When Gerardo Avila decided to leave San Luis, the dusty industrial city in north Mexico where Spanish colonialists once mined for gold and silver, he set his sights on America. The year was 2000, and Avila wanted to find a well-paying job in Northern Virginia. But he found himself lining up for day-labor work, unable to distinguish himself from all of the other workers who showed up every morning to compete for a limited number jobs.

Then he found Astracor, an association of residential construction workers. Now he keeps an identification card in his wallet that documents his experience as a drywall finisher.

“For me, this card is a credential,” said Avila, 35, while taking a break from laying bricks on a recent construction site. “Without this card, I might not be able to find work.”

Formed last year from a grant secured by Gov. Tim Kaine’s office, Astracor offers a wealth of free services to participants: job referrals, professional development, legal advice and English classes.
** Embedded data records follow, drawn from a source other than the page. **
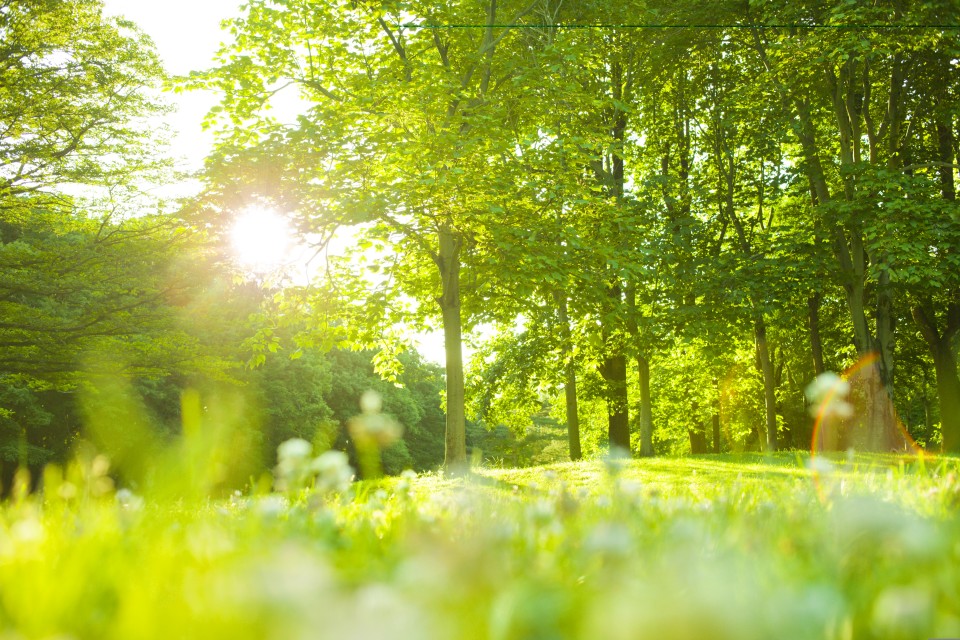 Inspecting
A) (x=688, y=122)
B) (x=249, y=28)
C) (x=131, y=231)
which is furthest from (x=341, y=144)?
(x=688, y=122)

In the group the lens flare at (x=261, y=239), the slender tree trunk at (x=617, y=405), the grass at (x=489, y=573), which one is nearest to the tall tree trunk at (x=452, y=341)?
the lens flare at (x=261, y=239)

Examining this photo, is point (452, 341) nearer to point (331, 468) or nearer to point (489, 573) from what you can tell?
point (331, 468)

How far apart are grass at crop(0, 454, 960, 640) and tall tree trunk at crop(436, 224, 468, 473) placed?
12716mm

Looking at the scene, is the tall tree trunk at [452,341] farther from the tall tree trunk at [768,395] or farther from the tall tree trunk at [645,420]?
the tall tree trunk at [768,395]

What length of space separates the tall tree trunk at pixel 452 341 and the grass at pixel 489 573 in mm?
12716

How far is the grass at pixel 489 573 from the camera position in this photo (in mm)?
1159

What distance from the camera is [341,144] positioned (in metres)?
13.5

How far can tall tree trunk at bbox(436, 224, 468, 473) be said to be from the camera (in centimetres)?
1563

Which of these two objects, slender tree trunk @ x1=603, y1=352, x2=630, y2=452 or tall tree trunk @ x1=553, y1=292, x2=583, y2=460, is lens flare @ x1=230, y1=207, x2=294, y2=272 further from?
slender tree trunk @ x1=603, y1=352, x2=630, y2=452

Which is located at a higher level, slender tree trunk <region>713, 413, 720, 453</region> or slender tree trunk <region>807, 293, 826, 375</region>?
slender tree trunk <region>807, 293, 826, 375</region>

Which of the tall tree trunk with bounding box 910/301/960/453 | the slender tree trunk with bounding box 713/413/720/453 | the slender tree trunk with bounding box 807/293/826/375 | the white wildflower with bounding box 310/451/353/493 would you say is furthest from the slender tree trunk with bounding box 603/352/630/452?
the slender tree trunk with bounding box 713/413/720/453

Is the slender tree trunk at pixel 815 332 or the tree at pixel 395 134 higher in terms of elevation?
the tree at pixel 395 134

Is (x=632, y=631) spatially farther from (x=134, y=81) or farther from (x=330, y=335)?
(x=134, y=81)

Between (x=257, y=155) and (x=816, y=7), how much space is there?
12.8 meters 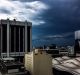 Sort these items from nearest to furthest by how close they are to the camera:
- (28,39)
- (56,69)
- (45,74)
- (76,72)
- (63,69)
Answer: (76,72)
(45,74)
(63,69)
(56,69)
(28,39)

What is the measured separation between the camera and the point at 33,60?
1190 inches

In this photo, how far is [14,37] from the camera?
118625mm

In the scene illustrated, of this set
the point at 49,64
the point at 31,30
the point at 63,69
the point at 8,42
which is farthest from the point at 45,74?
the point at 31,30

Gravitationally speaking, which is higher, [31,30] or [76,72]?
[31,30]

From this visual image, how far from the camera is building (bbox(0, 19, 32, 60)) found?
115500mm

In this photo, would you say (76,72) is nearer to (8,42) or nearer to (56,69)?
(56,69)

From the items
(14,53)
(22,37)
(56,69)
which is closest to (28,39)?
(22,37)

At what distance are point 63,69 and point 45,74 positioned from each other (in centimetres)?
404

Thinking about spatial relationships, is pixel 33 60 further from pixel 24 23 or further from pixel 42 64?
pixel 24 23

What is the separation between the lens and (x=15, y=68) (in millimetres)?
32844

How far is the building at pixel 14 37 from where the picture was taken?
4547 inches

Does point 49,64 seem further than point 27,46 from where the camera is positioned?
No

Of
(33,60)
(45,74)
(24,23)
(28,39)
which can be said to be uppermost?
(24,23)

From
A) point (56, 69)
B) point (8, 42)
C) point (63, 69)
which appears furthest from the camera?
point (8, 42)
Clayton Sinyai, executive director of the nonprofit organization, said that his organization’s wallet-sized identification cards offer the kind of services that a union might be able to offer in other states.

“Workers often labor for years under informal agreements of one kind or another,” said Sinyai. “So they don’t have any way of demonstrating their skills when applying for professional jobs.”

ASTRACOR HOPES TO create a kind of network for laborers who want to learn new skills and have a way of proving them to potential employers. When contractors look for people who have experience laying tiles, for example, they are often confronted with workers who say they have experience but don’t. Astracor’s identification cards give employers an indication of how much training an individual has received in a simple format that is verifiable through the non-profit’s Wheeler Avenue location. In many ways, the group serves the kind of function that would otherwise be offered by a union or trade association.

“No contractor wants to invest in training workers who will probably be working for a competitor within a month,” said Sinyai. “So we teach classes, and then issue cards that show what the workers can do.”

A recent class happened in the backyard of the ALIVE! House, a modest 1850s-era townhouse on North Payne Street that serves as a shelter to mothers and families. After any amount of rain, the yard would turn into a mud pit that would leave the house’s children looking for another place to play. But with Astracor’s workers and teachers on the job last week in a volunteer effort to learn and help the community, a herringbone pattern of red bricks emerged with a drainage system designed specifically for the yard.

“Many people will look at a job and ask how much money they can get for doing it,” said Wilfredo Bohorquez, program director for Astracor. “We’re trying to erase that from their minds.”

David Daly, a retired construction teacher at T.C. Williams High School, was on the ALIVE! House site last week overseeing the completion of the backyard herringbone patio. He worked with two Astracor students, giving them specialized training in the kind of ornamental brickwork that is common in the region — work that contractors are frequently looking for qualified workers to complete.

“There’s a disconnect between high school and the working world,” said Daly, who taught at T.C. Williams for 29 years. “If students were interested in construction there was no post-secondary educational opportunities unless you joined a union — and Virginia is a non-union state.”

BY PERFORMING THE role of a union, Daly said, Astracor is providing an invaluable service to people like Avila. Daly said that his long-term goal for the nonprofit organization was to help workers find permanent work with health-care plans and long-term financial stability.

“I would like to see the need for day-labor sites eliminated,” said Daly. “These workers deserve full-time jobs with W2 forms and benefits.”